Is this only about change management or is the issue much larger ? I believe that the CIO should task some of his/her team members to systemically go behind the hidden long tail apps to wipe them off. When they are working, no one is complaining; they give sleepless nights to IT when they fail. Is there an easy way out ? No, so keep on pushing, nothing good came out of staying put and maintaining status quo. Change is always difficult, but change is the only constant.
If you don’t like something change it; if you can’t change it, change the way you think about it.
Monday, February 06, 2012
The craze for new gadgets and devices appears to be growing day by day. Emotions run high for some iconic devices and brands where people are willing to endure cold nights and mornings waiting for the store to open. The queues are visible across countries, so it is a global epidemic. These are normal consumers vying with the technophiles to be the first to own the product !
I own multiple devices including a few from the company in discussion, but never stood in queues to be amongst the first, though I know a few who did. I have always waited for a couple of revisions or generations to pass by before acquiring the new iconic device; the primary purpose seems to be to be seen displaying it prominently or announcing it by the footer in the email.

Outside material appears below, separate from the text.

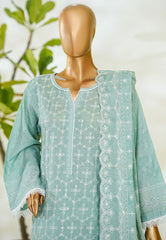 Bin Saeed Stitched 3 Piece Luxury White & White Emb Suit-NSM-2547 GREEN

I get carried away; this is not about new devices or the long queues, but about rotten eggs. In China, fans threw rotten eggs at the stores when the company announced to teeming crowds who queued up for long hours that they will not be selling the much awaited device; for the security of their customers who turned up in large numbers, proclaimed the announcement. Did they come armed with eggs waiting for the store to open ?
The incident triggered many wild thoughts. Is the idea extensible to other irritating behaviors from say IT vendors who take the community for a ride ? What if every time there is a breach of trust, can I shower the vendor sales or support teams with choicest tomatoes (I am vegetarian you know) ? Is this a feat worth emulating when projects do not meet timelines or when basic requirement misunderstanding by ignorant consultants becomes a change request ?

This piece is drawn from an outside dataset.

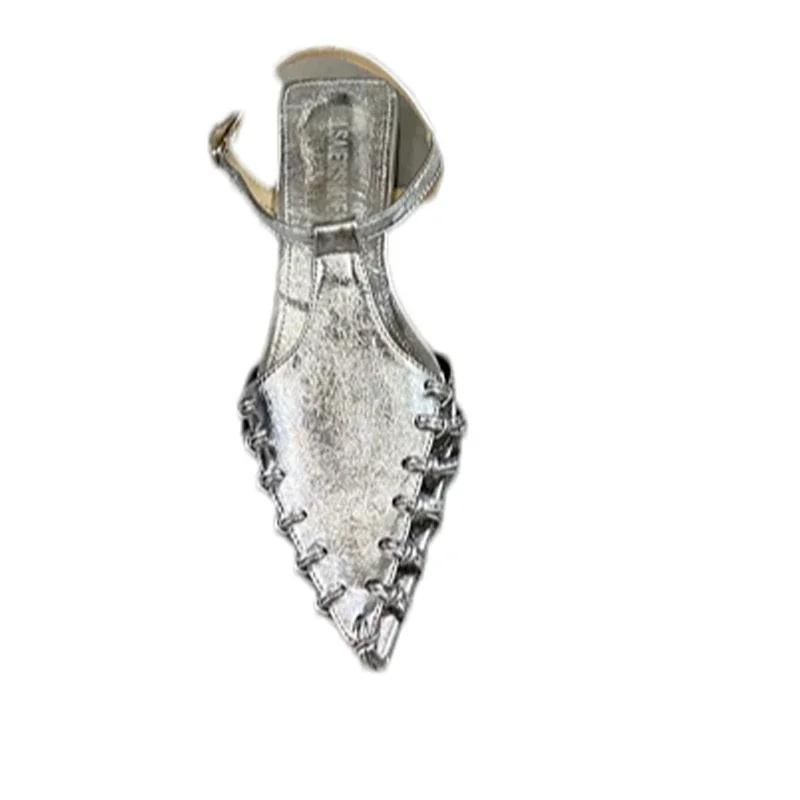 Сандалии на плоской подошве с острым носком, женская летняя повседневная обувь, модные новые тапочки, дизайнерские пляжные прогулочные удобные трендовые женские туфли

It does have finality to the statement it makes. If I don’t like the outcome I am going to demonstrate my ire. Sil-vouz plait, it may aggravate the situation, but it does create a warm, fuzzy and a lighter feeling to have vented out the frustration and anger. Will the slinging match create a better relationship between the CIO and the other parties ?
Last week, working on a post contract changes to some service delivery benchmarks, I had an urge to pelt a lot of stuff on the negotiating party. My primal fantasy had to be suppressed to stay within defined corporate behavior and work on the issues step by step steering it towards desired outcomes. Civilized acceptable behavior does not provide latitude to hurl objects when events do not take the turn we desire; even when the consumerization of devices brings unwelcome distractions.
Relationships are built over a period of time, but they can be strained for a long time in an unguarded moment. This applies to any relationship, peers, bosses, team, vendors, family, and friends. CIOs forge relationships possibly with a larger set in comparison to some of their peers. Success is highly dependent on setting and managing realistic expectations. Service delivery and change management are key tenets of the IT agenda.
After all we don’t want to be at the receiving end of the rotten eggs.